FIG. 1 is a flowchart showing a voice interaction method according to an embodiment of the present application;

FIG. 2 is a flowchart showing a voice interaction method according to another embodiment of the present application;

FIG. 3 is a flowchart showing a voice interaction process according to an embodiment of the present application;

FIG. 4 is a schematic structural diagram showing a voice interaction apparatus according to an embodiment of the present application;

FIG. 5 is a schematic structural diagram showing a voice interaction apparatus according to another embodiment of the present application; and

FIG. 6 is a schematic structural diagram showing a voice interaction device according to an embodiment of the present application.

DETAILED DESCRIPTION OF THE EMBODIMENTS

Hereafter, only certain exemplary embodiments are briefly described. As can be appreciated by those skilled in the art, the described embodiments may be modified in different ways, without departing from the spirit or scope of the present application. Accordingly, the drawings and the description should be considered as illustrative in nature instead of being restrictive.

A voice interaction method and apparatus are provided according to embodiments of the present application. The technical solutions are described below in detail by means of the following embodiments.

FIG. 1 is a flowchart showing a voice interaction method according to an embodiment of the present application. The method includes: receiving a voice signal to be detected within a preset time period at S11, performing a voice identification on the voice signal to be detected, to obtain a text to be detected at S12, and performing a first detection on the text to be detected, providing a response according to the text to be detected in response to determining that the first detection is passed, or returning to S11 in response to determining that the first detection is not passed at S13.

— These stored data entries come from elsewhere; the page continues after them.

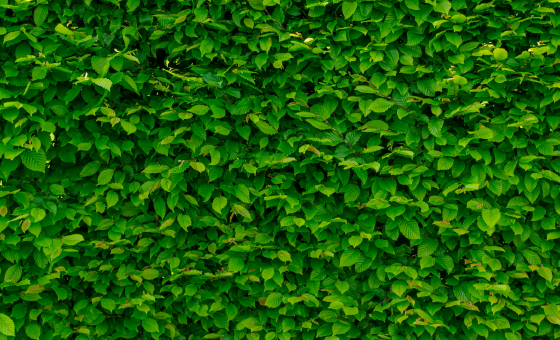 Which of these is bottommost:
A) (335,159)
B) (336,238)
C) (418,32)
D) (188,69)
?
(336,238)

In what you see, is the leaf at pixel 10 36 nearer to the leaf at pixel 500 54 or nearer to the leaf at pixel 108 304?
the leaf at pixel 108 304

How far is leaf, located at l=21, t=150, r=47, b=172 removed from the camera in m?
2.60

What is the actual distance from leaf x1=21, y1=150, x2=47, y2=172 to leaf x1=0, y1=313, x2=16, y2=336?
0.98m

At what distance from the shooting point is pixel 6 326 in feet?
8.47

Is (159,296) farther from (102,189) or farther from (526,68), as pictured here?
(526,68)

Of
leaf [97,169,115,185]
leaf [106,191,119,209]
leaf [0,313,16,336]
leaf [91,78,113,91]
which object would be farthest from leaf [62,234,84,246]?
leaf [91,78,113,91]

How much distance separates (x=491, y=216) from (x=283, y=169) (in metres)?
1.42

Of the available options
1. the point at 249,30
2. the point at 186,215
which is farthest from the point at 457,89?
the point at 186,215

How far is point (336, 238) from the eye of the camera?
110 inches

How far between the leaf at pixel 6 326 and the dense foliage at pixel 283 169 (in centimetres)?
2

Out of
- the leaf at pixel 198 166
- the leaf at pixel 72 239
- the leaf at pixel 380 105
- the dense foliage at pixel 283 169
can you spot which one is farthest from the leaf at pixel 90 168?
the leaf at pixel 380 105

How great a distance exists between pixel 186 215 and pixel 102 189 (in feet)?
1.94

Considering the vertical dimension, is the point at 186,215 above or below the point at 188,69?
below

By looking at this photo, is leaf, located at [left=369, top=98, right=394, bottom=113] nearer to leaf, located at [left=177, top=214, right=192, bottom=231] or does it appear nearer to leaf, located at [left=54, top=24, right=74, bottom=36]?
leaf, located at [left=177, top=214, right=192, bottom=231] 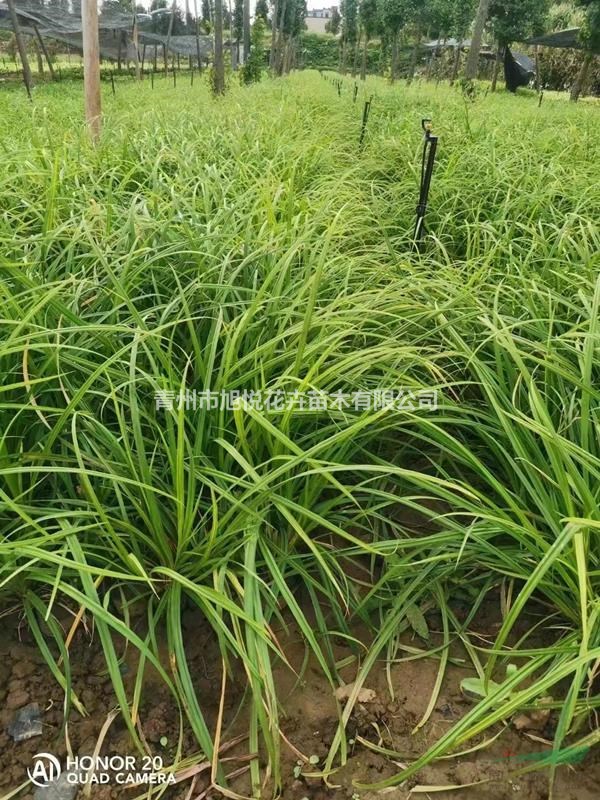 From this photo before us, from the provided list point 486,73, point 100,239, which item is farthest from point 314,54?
point 100,239

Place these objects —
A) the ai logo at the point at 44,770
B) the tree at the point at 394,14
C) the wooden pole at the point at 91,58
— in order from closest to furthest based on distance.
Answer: the ai logo at the point at 44,770
the wooden pole at the point at 91,58
the tree at the point at 394,14

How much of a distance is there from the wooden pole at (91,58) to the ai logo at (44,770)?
3478mm

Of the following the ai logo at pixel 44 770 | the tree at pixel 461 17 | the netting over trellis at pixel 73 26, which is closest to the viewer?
the ai logo at pixel 44 770

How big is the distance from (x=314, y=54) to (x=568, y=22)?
36.4 m

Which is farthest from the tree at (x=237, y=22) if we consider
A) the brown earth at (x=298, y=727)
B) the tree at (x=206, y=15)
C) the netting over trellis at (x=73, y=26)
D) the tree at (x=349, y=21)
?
the brown earth at (x=298, y=727)

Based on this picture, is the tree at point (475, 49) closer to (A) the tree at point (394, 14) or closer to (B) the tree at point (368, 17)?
(A) the tree at point (394, 14)

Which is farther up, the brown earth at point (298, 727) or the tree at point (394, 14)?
the tree at point (394, 14)

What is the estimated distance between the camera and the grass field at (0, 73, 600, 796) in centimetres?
106

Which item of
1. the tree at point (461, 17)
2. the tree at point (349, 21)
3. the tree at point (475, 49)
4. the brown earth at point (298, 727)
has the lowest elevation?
the brown earth at point (298, 727)

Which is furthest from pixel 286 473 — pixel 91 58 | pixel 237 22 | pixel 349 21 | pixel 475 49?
pixel 349 21

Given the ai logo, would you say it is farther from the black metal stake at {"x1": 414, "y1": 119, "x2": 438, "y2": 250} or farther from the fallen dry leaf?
the black metal stake at {"x1": 414, "y1": 119, "x2": 438, "y2": 250}

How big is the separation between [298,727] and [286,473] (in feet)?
1.60

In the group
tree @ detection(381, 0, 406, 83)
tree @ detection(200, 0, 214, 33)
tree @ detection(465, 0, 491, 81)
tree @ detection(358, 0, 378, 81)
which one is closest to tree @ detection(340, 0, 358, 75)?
tree @ detection(358, 0, 378, 81)

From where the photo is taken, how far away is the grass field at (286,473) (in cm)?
106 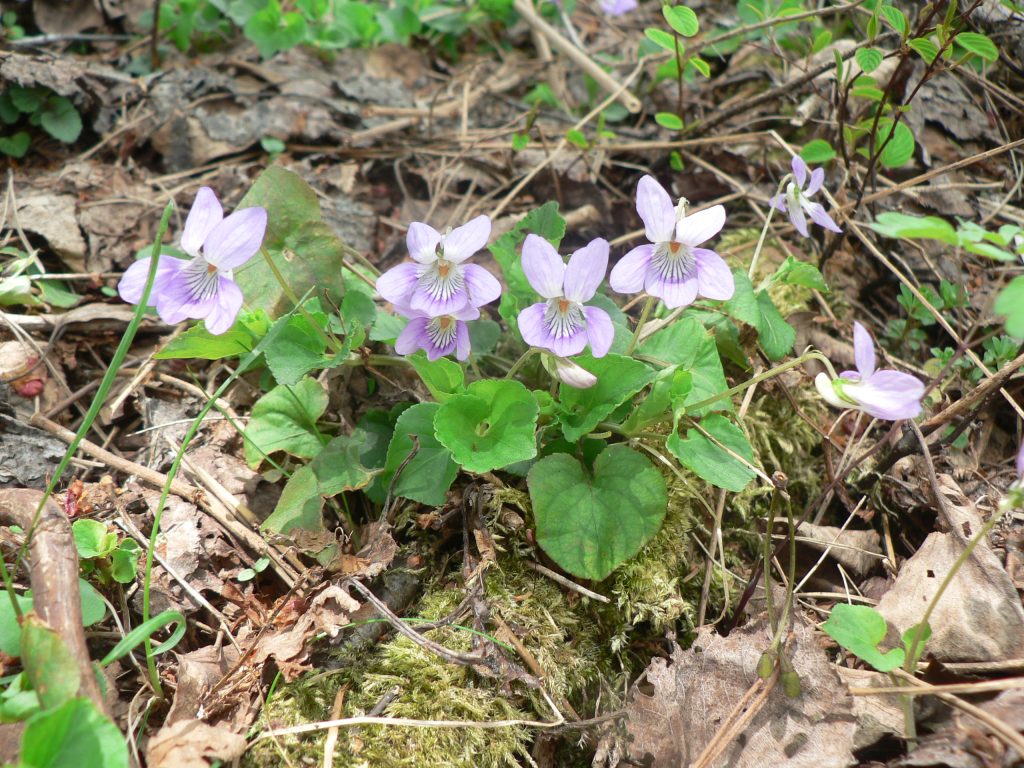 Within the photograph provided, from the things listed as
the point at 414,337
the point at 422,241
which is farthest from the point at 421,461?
the point at 422,241

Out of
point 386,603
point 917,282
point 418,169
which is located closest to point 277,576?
point 386,603

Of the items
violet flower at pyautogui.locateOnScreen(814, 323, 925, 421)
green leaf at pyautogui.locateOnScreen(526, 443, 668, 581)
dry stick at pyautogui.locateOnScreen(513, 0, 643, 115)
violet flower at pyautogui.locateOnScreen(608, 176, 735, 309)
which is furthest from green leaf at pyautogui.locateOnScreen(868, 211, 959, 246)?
dry stick at pyautogui.locateOnScreen(513, 0, 643, 115)

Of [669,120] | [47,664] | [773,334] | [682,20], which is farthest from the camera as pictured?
[669,120]

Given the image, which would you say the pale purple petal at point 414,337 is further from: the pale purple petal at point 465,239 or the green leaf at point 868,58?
the green leaf at point 868,58

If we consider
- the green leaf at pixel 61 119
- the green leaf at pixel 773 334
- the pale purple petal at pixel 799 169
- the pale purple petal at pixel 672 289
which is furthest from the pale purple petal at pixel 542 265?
the green leaf at pixel 61 119

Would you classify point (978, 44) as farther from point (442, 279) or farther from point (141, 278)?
point (141, 278)

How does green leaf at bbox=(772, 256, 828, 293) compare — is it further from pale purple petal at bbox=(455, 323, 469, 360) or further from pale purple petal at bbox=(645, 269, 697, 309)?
pale purple petal at bbox=(455, 323, 469, 360)

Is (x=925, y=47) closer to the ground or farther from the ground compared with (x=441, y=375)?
farther from the ground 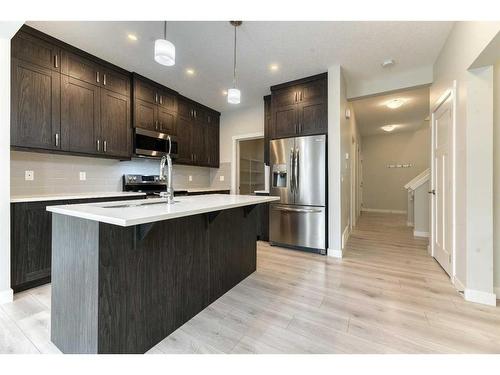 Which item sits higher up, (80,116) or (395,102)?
(395,102)

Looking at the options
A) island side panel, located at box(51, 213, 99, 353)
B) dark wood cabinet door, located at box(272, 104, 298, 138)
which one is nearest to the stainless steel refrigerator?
dark wood cabinet door, located at box(272, 104, 298, 138)

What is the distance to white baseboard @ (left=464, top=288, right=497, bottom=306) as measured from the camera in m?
1.94

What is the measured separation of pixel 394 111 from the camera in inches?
209

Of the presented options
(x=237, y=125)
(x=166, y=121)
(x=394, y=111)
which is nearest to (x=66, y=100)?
(x=166, y=121)

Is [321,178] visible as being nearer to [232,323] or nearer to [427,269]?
[427,269]

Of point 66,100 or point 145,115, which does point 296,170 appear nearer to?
point 145,115

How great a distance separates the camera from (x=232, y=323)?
169 cm

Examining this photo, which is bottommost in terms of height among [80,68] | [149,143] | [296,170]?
[296,170]

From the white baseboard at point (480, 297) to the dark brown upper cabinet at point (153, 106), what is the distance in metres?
4.21

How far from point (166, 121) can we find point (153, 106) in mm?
314

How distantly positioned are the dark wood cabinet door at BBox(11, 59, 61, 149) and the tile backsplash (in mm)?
383

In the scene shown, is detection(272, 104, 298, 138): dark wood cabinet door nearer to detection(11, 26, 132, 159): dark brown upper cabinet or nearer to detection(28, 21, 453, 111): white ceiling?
detection(28, 21, 453, 111): white ceiling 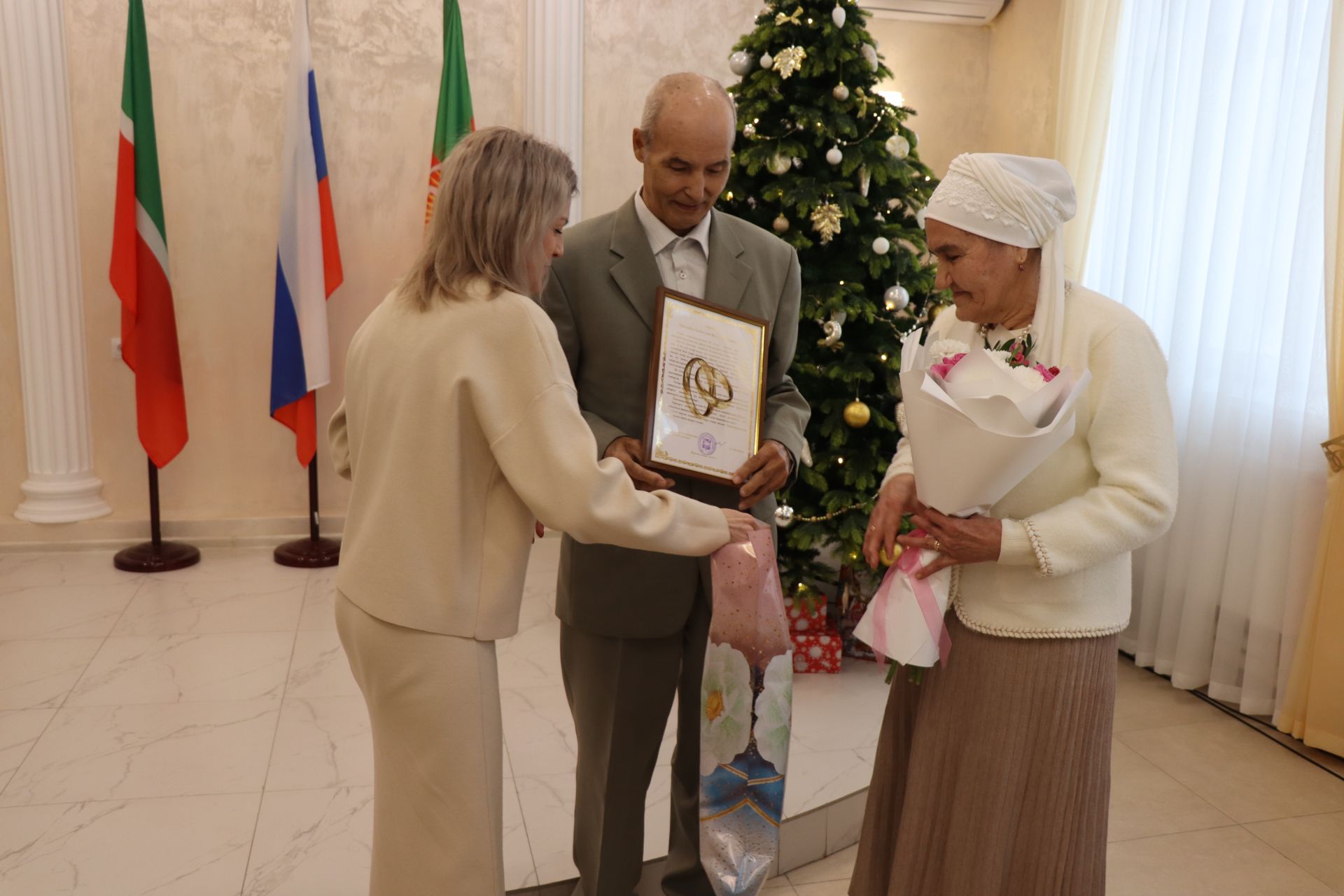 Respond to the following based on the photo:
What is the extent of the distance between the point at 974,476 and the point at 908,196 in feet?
8.23

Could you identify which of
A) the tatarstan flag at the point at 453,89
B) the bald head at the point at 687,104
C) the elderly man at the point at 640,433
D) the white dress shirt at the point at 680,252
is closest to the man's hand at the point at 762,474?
the elderly man at the point at 640,433

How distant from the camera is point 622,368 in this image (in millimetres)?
2197

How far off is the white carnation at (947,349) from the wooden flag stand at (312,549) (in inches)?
163

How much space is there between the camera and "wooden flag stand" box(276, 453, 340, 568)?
523cm

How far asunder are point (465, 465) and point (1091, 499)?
0.99 metres

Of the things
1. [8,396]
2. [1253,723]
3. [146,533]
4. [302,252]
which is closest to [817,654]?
[1253,723]

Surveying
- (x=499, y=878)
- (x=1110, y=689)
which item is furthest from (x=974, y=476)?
(x=499, y=878)

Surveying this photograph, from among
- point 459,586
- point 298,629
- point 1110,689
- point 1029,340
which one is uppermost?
point 1029,340

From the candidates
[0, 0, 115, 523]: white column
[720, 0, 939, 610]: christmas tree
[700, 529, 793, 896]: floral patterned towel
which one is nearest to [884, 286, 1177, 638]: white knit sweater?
[700, 529, 793, 896]: floral patterned towel

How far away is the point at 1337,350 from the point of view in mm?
Result: 3480

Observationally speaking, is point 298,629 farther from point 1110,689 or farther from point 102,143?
point 1110,689

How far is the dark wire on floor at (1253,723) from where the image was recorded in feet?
11.4

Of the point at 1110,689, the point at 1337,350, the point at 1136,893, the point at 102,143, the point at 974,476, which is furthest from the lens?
the point at 102,143

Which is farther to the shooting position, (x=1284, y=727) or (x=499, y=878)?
(x=1284, y=727)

FIG. 2 is a flowchart showing a voice interaction method according to another embodiment of the present application. The method includes: receiving a voice signal to be detected within a preset time period at S11; performing a voice identification on the voice signal to be detected, to obtain a text to be detected at S12; performing a first detection on the text to be detected, and returning to S11 in response to determining that the first detection is not passed, or performing S24 in response to determining that the first detection is passed at S13; performing a second detection on the text to be detected in response to determining that the first detection is passed, returning to S11 in response to determining that the second detection is not passed, and performing S25 in response to determining that the second detection is passed at S24; performing the response according to the text to be detected, and returning to S11 at S25.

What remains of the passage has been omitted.